Agriculturally productive land. As the number of people grows, the amount of land needed to feed them also increases. In many countries, there just isn't enough good land. In others, there is still land but it is of en far away from where most people now live. Since, as we said before, most people are no longer nomads, they prefer not to move long distances from their homes and families.
As a result, the land that is already being farmed gets used more and more intensively. This can lead to the depletion of the soil to the point that it never recovers. What used to be productive agricultural land becomes barren wasteland, or even desert.

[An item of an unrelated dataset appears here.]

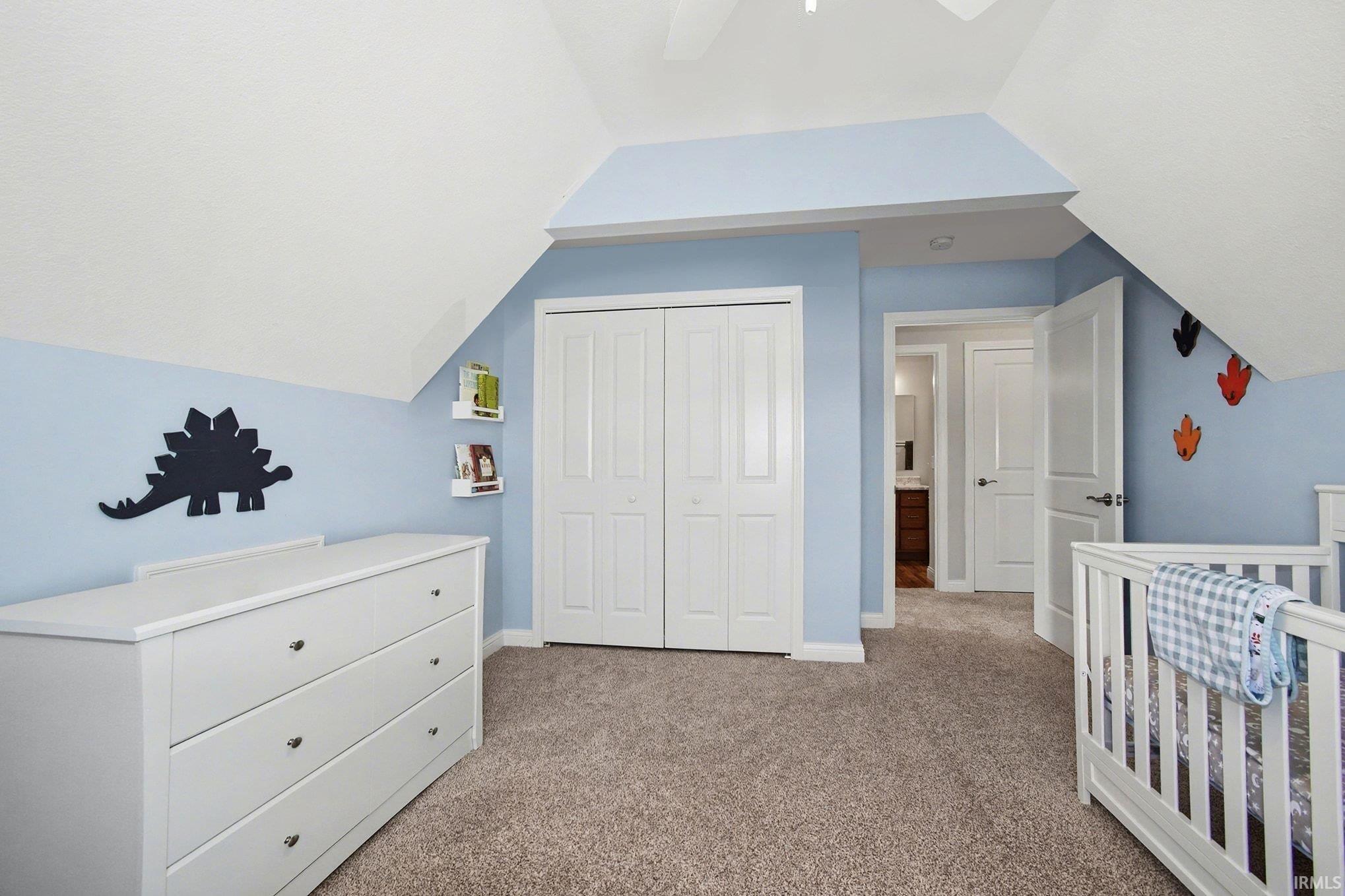 Bedroom with a nursery area, a closet, vaulted ceiling, light carpet, and a ceiling fan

Something else that happens is that land gets put to the wrong use. Across Africa, land that is only suitable for the grazing of animals is being used for crop production. Without its grass cover, this fragile soil is quickly eroded - that is, swept away by wind and water. Once this happens, it becomes useless for agriculture or even for grazing.

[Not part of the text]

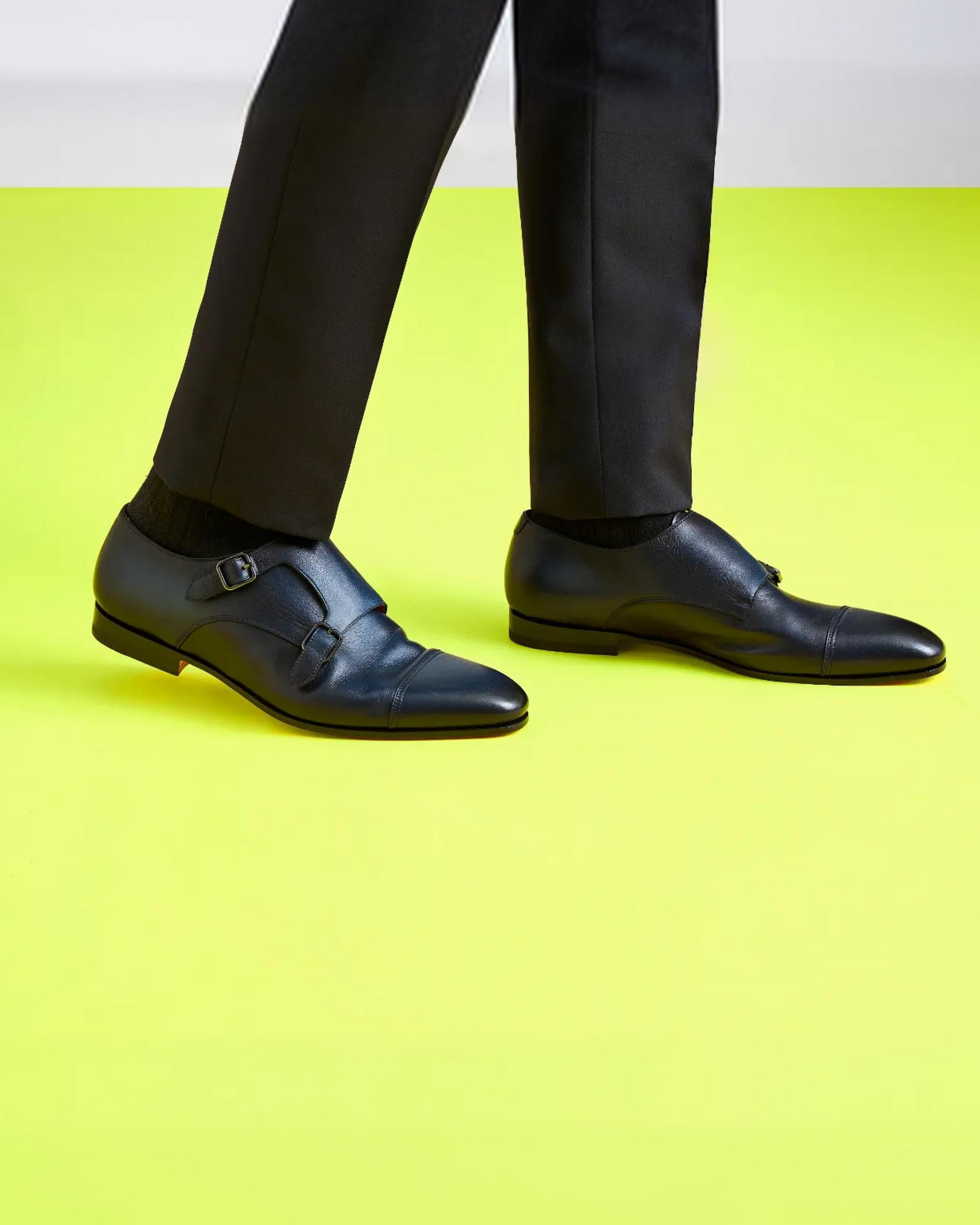 Man wearing black trousers and black leather double monk strap shoes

Water. Without a steady supply of relatively clean water, almost no living thing can survive. Once it seemed that the supply of water was unlimited, but we now know that is not true. Therefore, the more people there are, the less water is available per person.
In places where people get their water from wells, this can mean less water per person and a need for increasingly deeper wells.
In places where people get their water from rivers or lakes, the effect of having so many people bathing and washing their clothes and using water for their crops can be to leave an inadequate water supply which may also be polluted and unhealthy.
Forests and fuelwood. Many people in the developing countries use fuelwood or charcoal to cook their food and heat their homes. With the rapid growth of human populations, the trees are being cut down faster than new ones are growing.
Women and young people, who generally have the main responsibility for providing fuelwood, are having to walk further and further each day to gather wood or having to pay more and more for the wood if they buy it.
This need for more and more fuelwood, combined with the cutting of trees to clear more land for crop production, is leading to the progressive destruction of the forests. Once the trees are gone, not only is there no more fuelwood, but the land quickly becomes eroded. Without the trees and other ground cover to hold it back, the rain washes huge quantities of soil down into the rivers and dams of the low areas, causing them to overflow and flood. This loss of soil further reduces the amount of food the land can produce, and causes huge losses of life and property.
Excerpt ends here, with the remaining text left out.